[GIVEN MATERIAL]

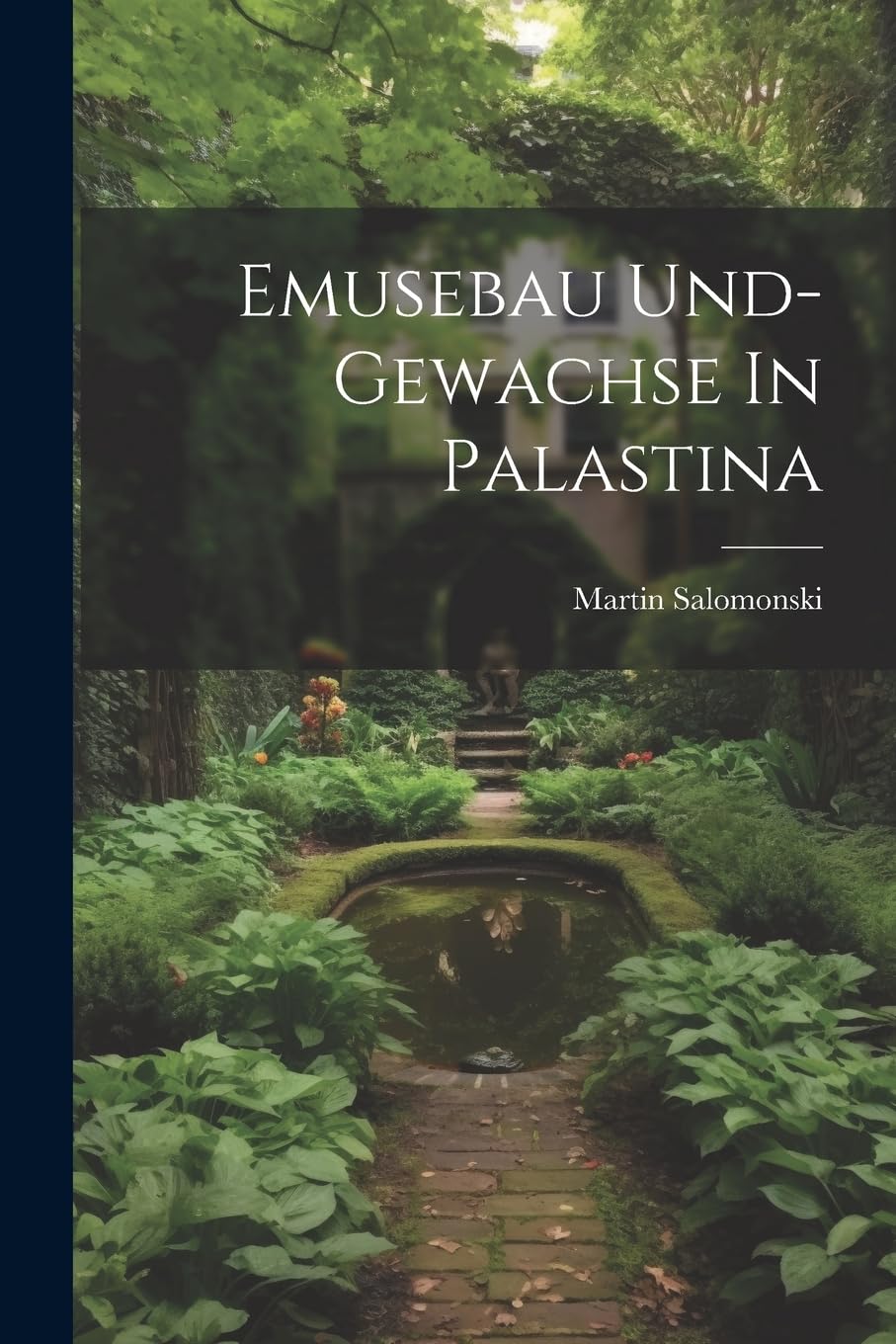 Emusebau Und-Gewachse In Palastina baixar livro de graça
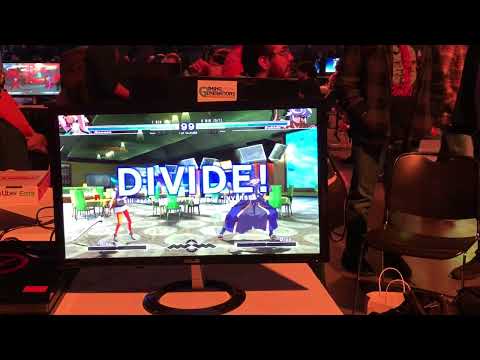 UNICLR @ DreamHack SD 2023 - Losers R1: Kurushii Drive (NA) vs Corvus (EN)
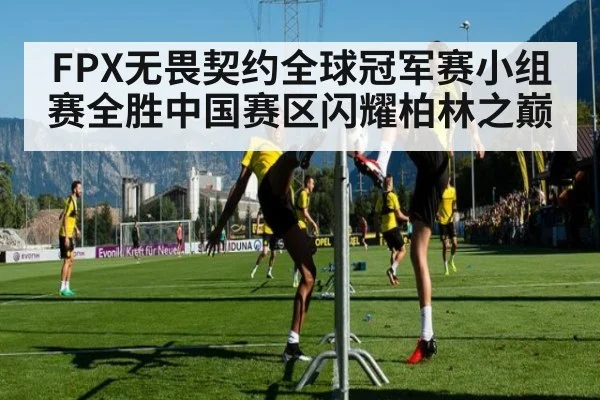 FPX无畏契约全球冠军赛小组赛全胜中国赛区闪耀柏林之巅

[/GIVEN MATERIAL]

BRIEF
Only the pictures are to be omitted; restate everything else above exactly.

EXERCISE RESPONSE
 Emusebau Und-Gewachse In Palastina baixar livro de graça
 UNICLR @ DreamHack SD 2023 - Losers R1: Kurushii Drive (NA) vs Corvus (EN)
 FPX无畏契约全球冠军赛小组赛全胜中国赛区闪耀柏林之巅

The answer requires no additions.